Your answer should be the lines from the one containing "1529 E. Fedora" through the final line below, copied exactly.

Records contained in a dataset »
^^^^
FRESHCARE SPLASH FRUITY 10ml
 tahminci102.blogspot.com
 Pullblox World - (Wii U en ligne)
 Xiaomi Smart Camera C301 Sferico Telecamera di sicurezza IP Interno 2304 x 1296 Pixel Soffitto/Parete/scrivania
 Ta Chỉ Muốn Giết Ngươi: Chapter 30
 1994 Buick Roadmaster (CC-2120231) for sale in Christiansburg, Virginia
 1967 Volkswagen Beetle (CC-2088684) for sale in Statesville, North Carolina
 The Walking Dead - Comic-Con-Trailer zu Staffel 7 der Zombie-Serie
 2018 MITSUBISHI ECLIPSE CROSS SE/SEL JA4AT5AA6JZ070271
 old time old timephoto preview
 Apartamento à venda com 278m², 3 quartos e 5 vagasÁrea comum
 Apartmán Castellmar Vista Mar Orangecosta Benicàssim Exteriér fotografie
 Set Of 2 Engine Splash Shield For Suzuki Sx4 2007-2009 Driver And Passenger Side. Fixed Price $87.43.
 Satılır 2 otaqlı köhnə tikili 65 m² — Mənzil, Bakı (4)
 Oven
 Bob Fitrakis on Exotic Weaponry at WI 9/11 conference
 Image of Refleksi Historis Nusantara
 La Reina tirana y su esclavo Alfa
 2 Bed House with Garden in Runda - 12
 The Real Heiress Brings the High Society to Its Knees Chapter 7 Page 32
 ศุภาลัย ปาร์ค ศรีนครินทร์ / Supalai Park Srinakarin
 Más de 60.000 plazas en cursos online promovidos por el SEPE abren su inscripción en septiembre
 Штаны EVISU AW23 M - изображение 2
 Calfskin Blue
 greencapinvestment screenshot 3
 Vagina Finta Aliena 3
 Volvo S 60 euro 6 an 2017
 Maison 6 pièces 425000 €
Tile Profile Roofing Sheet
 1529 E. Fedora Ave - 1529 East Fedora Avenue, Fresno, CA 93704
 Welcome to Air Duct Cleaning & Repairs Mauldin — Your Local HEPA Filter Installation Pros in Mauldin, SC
^^^^
Task output »
 1529 E. Fedora Ave - 1529 East Fedora Avenue, Fresno, CA 93704
 Welcome to Air Duct Cleaning & Repairs Mauldin — Your Local HEPA Filter Installation Pros in Mauldin, SC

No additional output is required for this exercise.